- DIRECTIONS FOR THIS TASK: Nothing but the lines from the one containing "Скрип педали газа, устраняем…" through the last line of the data below should be returned, each exactly as it stands, pictures excluded.

- INPUT DATA:
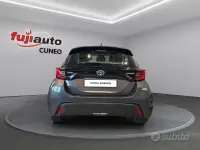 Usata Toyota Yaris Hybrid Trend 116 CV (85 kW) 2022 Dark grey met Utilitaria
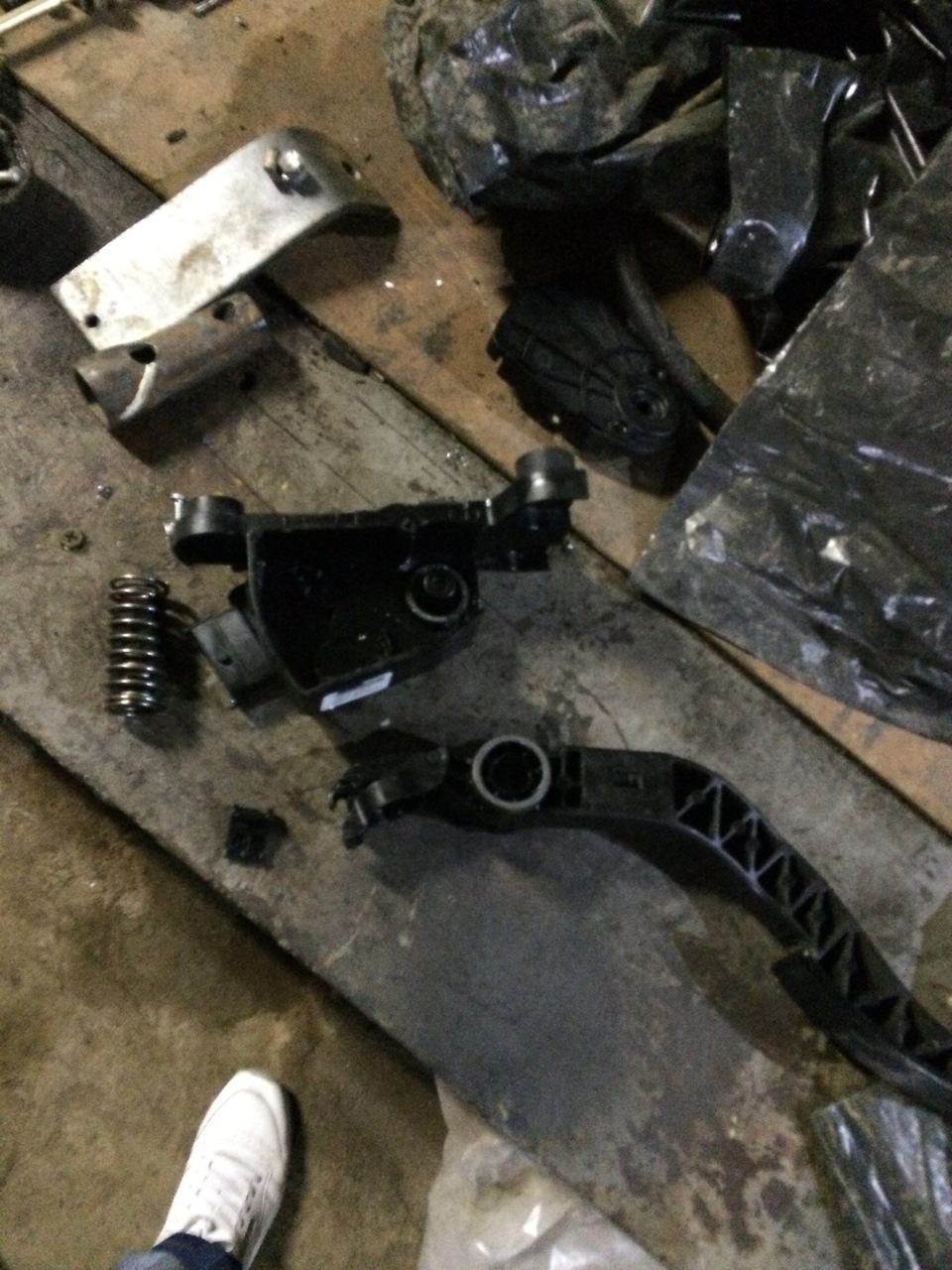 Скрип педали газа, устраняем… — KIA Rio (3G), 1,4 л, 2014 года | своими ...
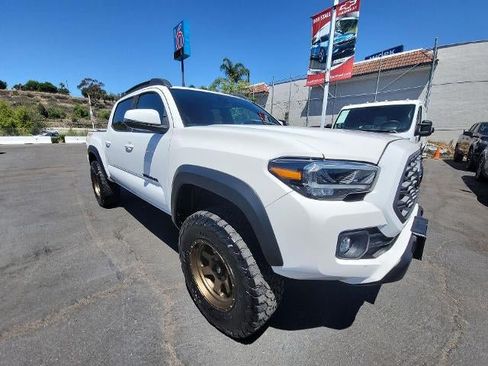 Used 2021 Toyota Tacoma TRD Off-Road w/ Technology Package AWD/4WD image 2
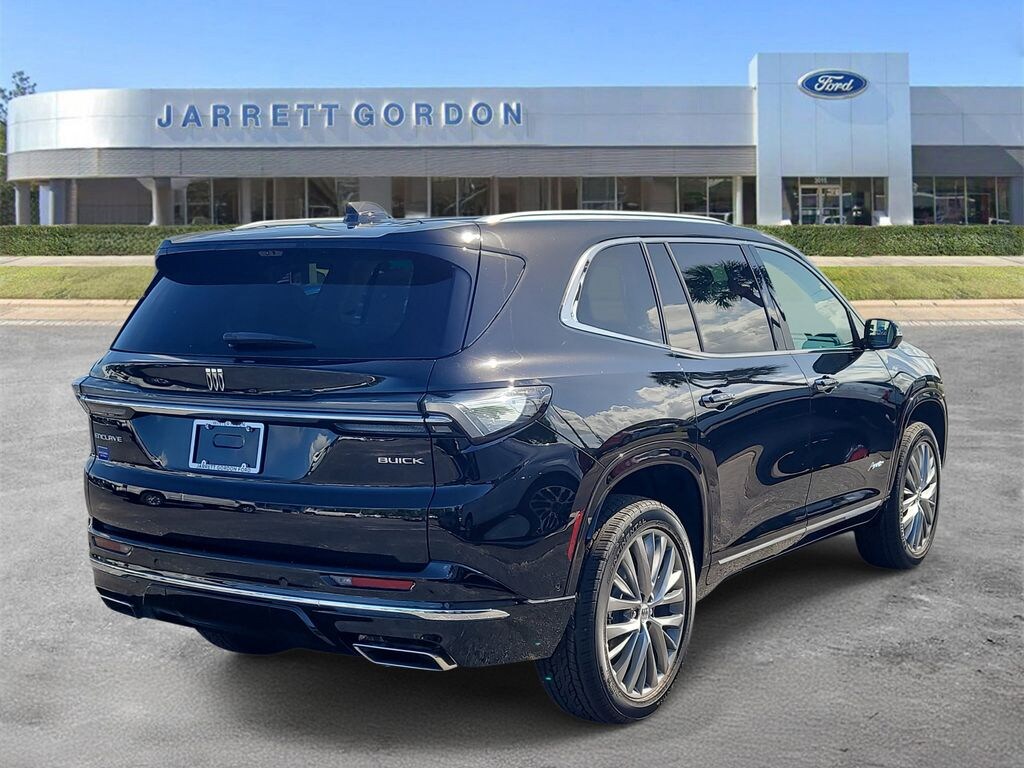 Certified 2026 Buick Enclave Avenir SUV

- EXERCISE SOLUTION:
 Скрип педали газа, устраняем… — KIA Rio (3G), 1,4 л, 2014 года | своими ...
 Used 2021 Toyota Tacoma TRD Off-Road w/ Technology Package AWD/4WD image 2
 Certified 2026 Buick Enclave Avenir SUV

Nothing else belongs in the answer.